__AVAILABLE DATA__.
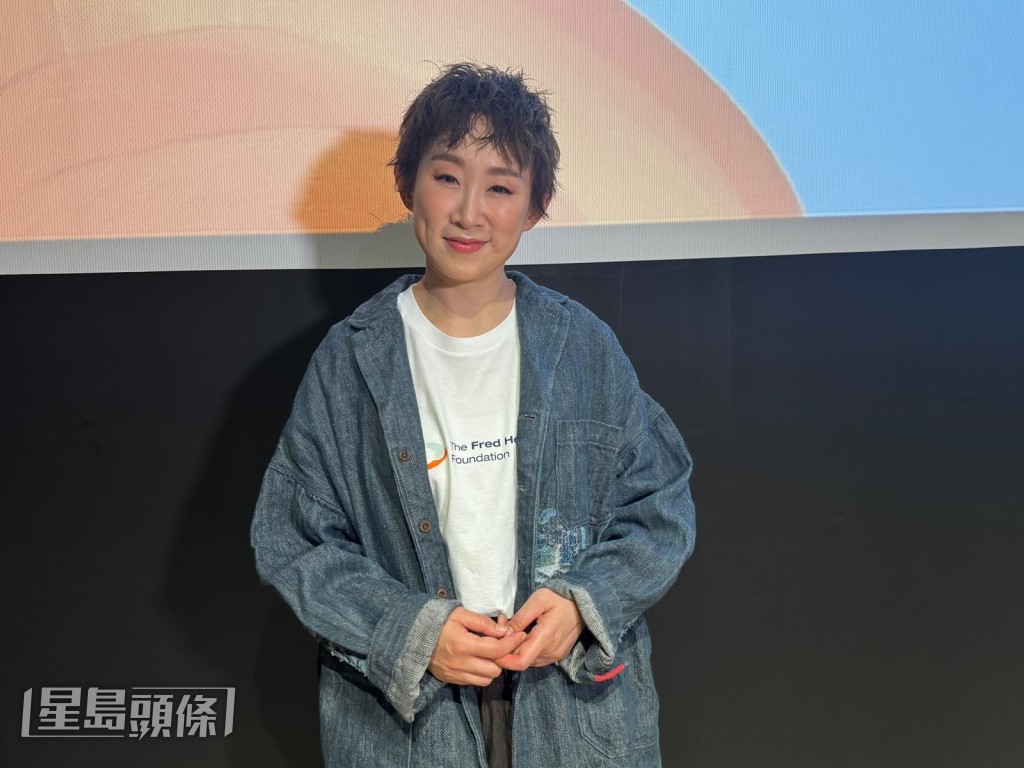 解釋是因有一日瞓醒覺得好熱,所以就去了剪頭髮。 解釋是因有一日瞓醒覺得好熱,所以就去了剪頭髮。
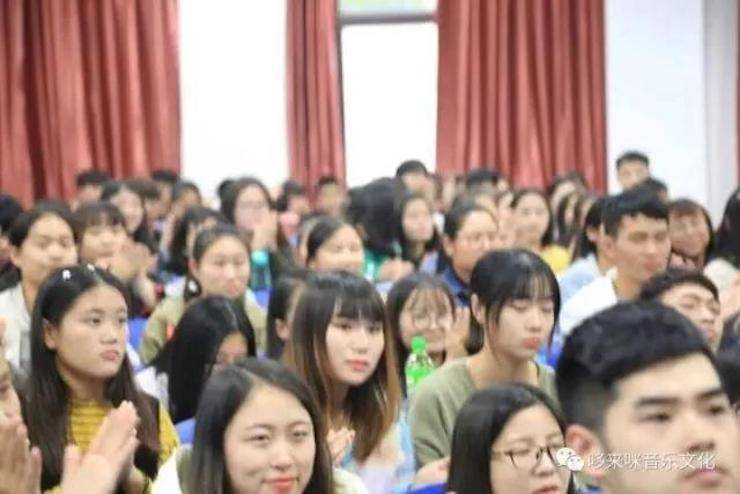 QG刮刮乐艺术家朱楣巡讲《练琴的艺术》——安阳、濮阳站完美落幕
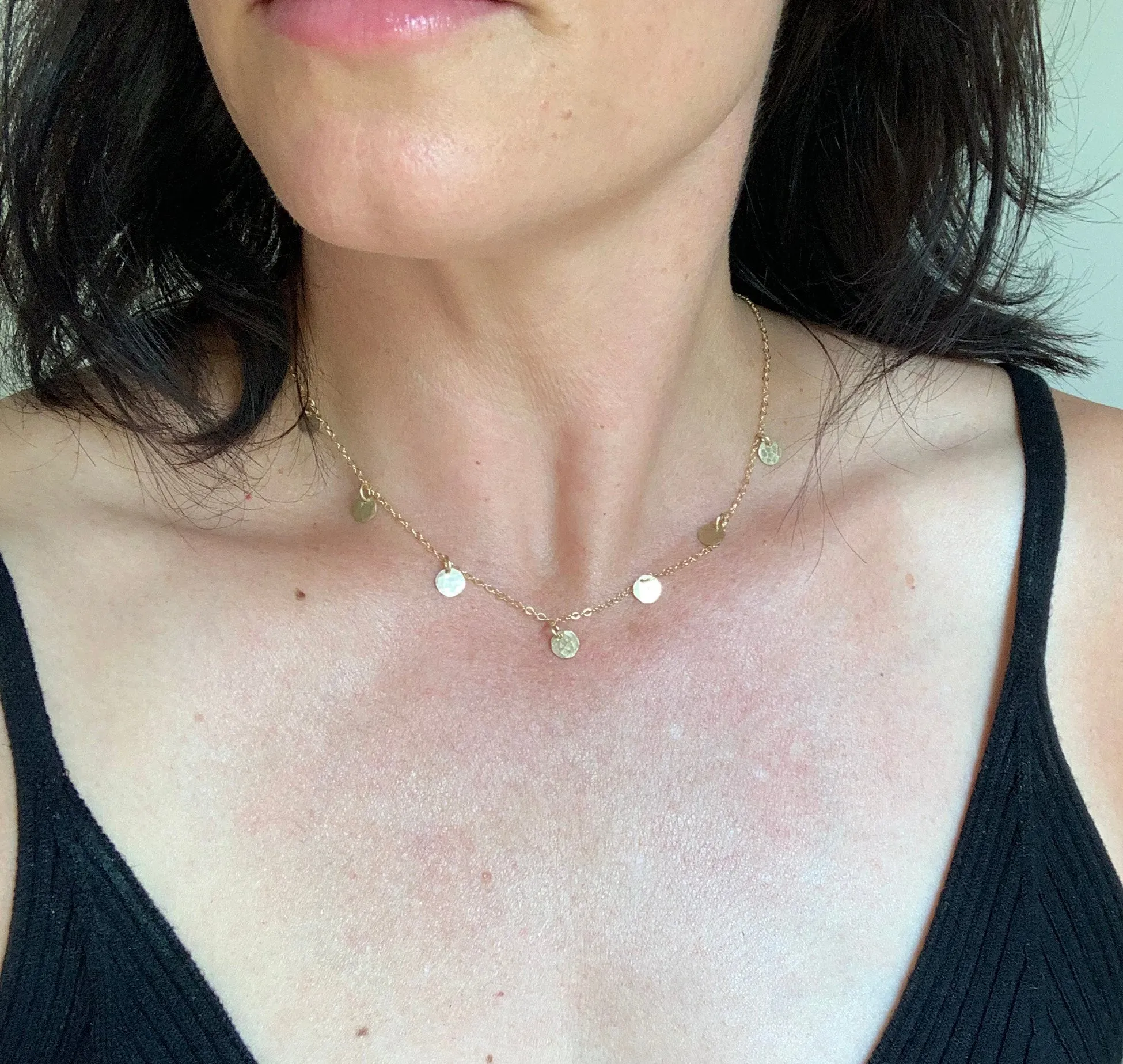 Certainly! Heres a revised title with added modifiers for an e-commerce product:

Elegant Subtle Shimmer Necklace with Delicate Sparkling Accents for Women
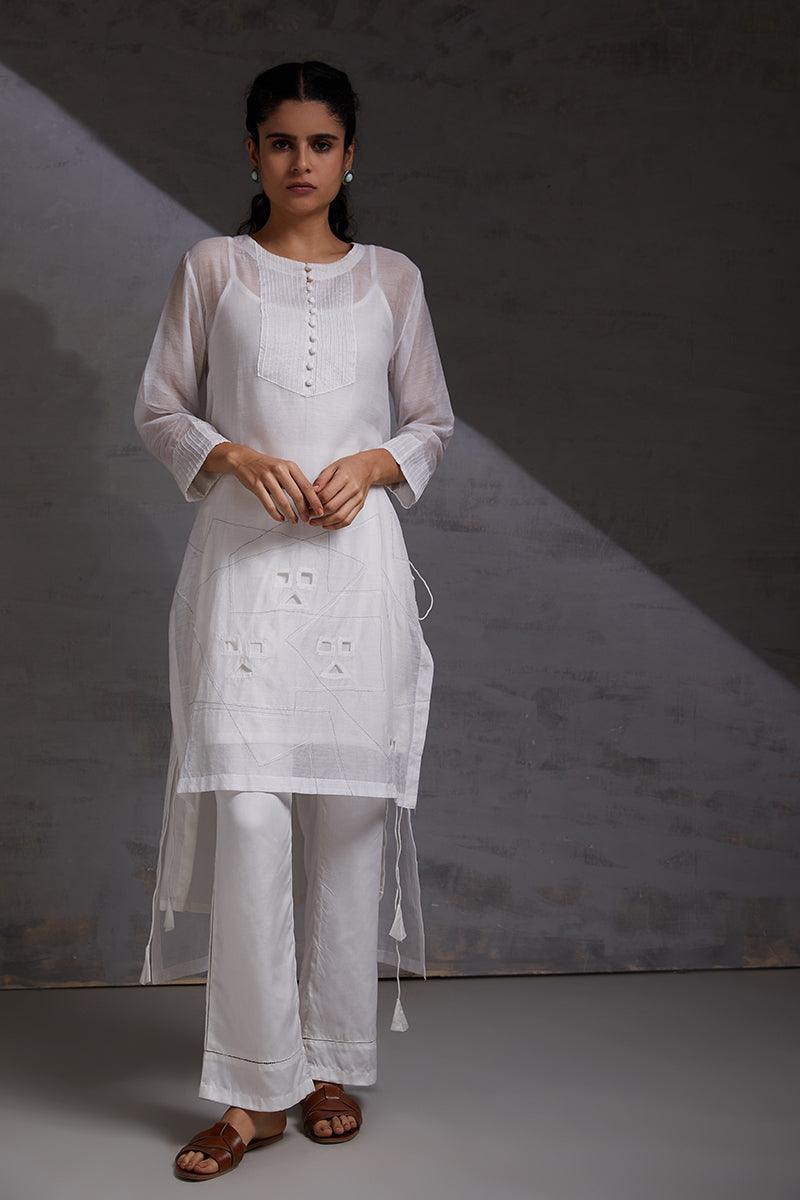 امرأة ترتدي طقمًا من ثلاث قطع مصنوع يدويًا من الحرير شانديري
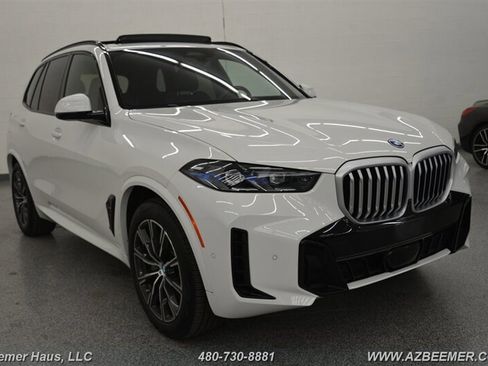 Used 2024 BMW X5 xDrive50e w/ M Sport Package image 6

__TASK DETAILS__. Reproduce the whole listing above character for character; pictures do not belong in it.

__WRITTEN ANSWER__.
 解釋是因有一日瞓醒覺得好熱,所以就去了剪頭髮。 解釋是因有一日瞓醒覺得好熱,所以就去了剪頭髮。
 QG刮刮乐艺术家朱楣巡讲《练琴的艺术》——安阳、濮阳站完美落幕
 Certainly! Heres a revised title with added modifiers for an e-commerce product:

Elegant Subtle Shimmer Necklace with Delicate Sparkling Accents for Women
 امرأة ترتدي طقمًا من ثلاث قطع مصنوع يدويًا من الحرير شانديري
 Used 2024 BMW X5 xDrive50e w/ M Sport Package image 6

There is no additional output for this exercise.